Right in this nation’s path must stand the peace which will conclude this war. If the Teutons win decisively, that peace will be signed in London or in Paris. Then America’s opinion will not be asked. Shall it be expressed? If that day comes, that grave decision must be made, and it will determine the future of the United States. Either we shall remain a people whose ideals of liberty, of culture, and of life prove that we are indissolubly bound to the English-speaking nations of the earth, working in our individual American fashion at the vast common task of Anglo-Saxon civilization, or we must live on in isolation, striving intensively to maintain our ideals, but never spreading them beyond our borders. Then, though we keep our own lamp burning, we must watch the lights of the Anglo-Saxon world go out, one by one, along the seven seas. There stand the alternatives. Are we prepared to face them?

If the Allies write the treaty of peace in Berlin, another problem rises in its place. Shall we acquiesce, though the mounting passion of triumphant nations force a peace more cruel than the war? Shall we watch in silence the barriers of liberalism razed before the advance of Russia’s autocracy? Or shall we find means to make our influence felt on the side of wisdom and of moderation? Shall the only great peaceful power in the world help to make peace effectual? There is another choice. Are we prepared to face it?

Again, the war may not be decisive. Famine and penury may be the only victors. Then may not the treaty be the Peace of Washington?

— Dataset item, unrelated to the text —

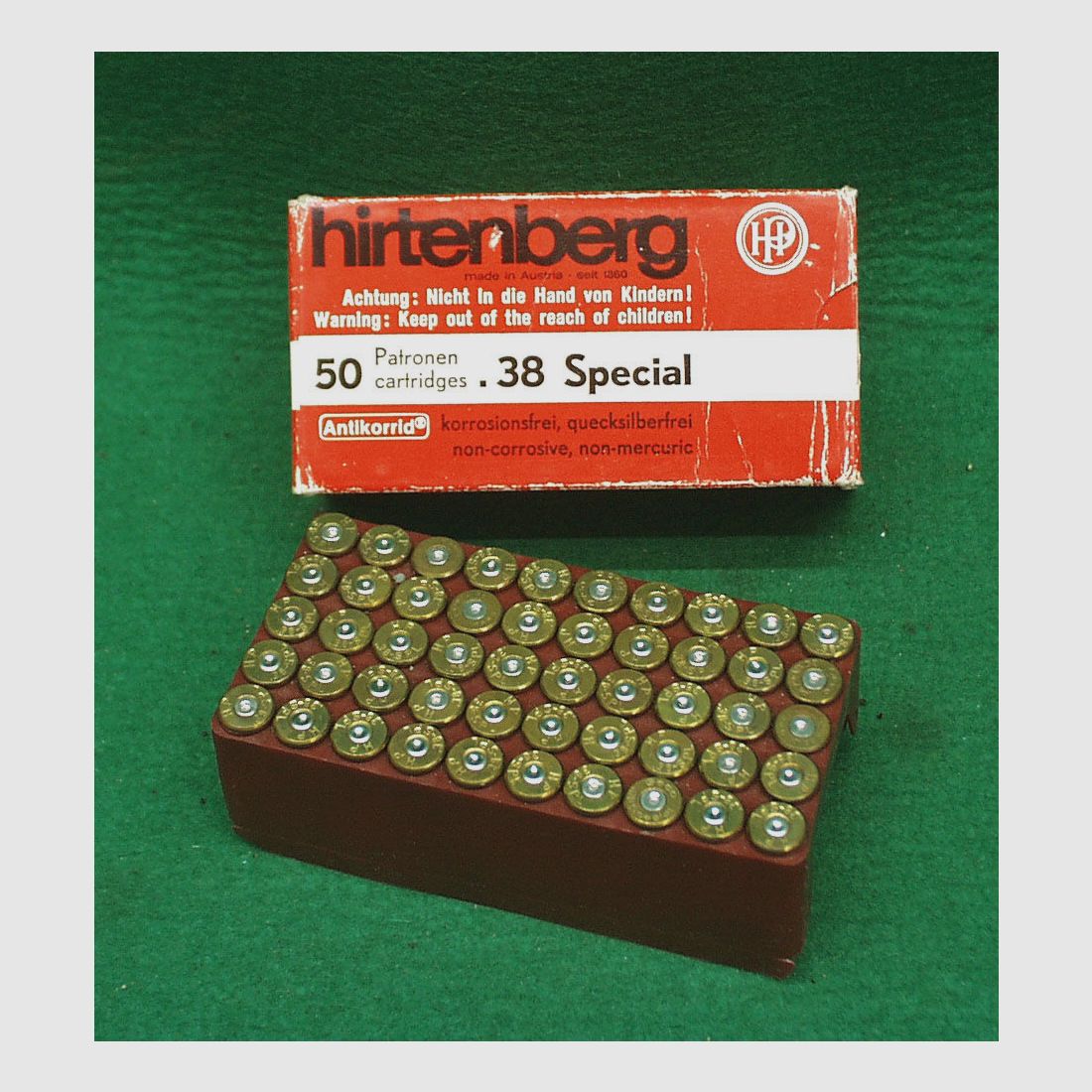 Hirtenberg HP bossoli .38 Special, usati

Shall not we, then, with malice toward none, so frame our powerful advice that a treaty may result conceived in the spirit — we might almost say dedicated to the memory — of Lincoln ? These are the questions which destiny soon may ask. What shall our answer be?

Great nations are built on great ideas. Rome meant Law. England has meant Liberty. The high significance of Germany is Efficiency. Equal Justice and Opportunity to each is still the vision of America. Cannot that vision, which more than once in our history has seemed so near fulfillment, be steadfastly brought to pass? May we not see a generation trained to serve the state and paid in honor for that service? May not our national conscription be not for military but for industrial service, the service of a year, perhaps, when common toil shall teach the rich the cost of labor and make the poor man wise in the economic law; when each for each shall learn democracy? Cannot we finally decide that the flag shall not follow commerce to embroil us with our neighbors, and that capital which seeks high returns beyond our borders takes its own risk? Cannot we hope that national seriousness will increase as national egoism grows beautifully less? Is it not possible to shift the scale of values and let honor and respect wait only upon achievement and character? Little by little, then, shall we renew our faith in democracy. Little by little, shall we help once more to build the civilization of the world.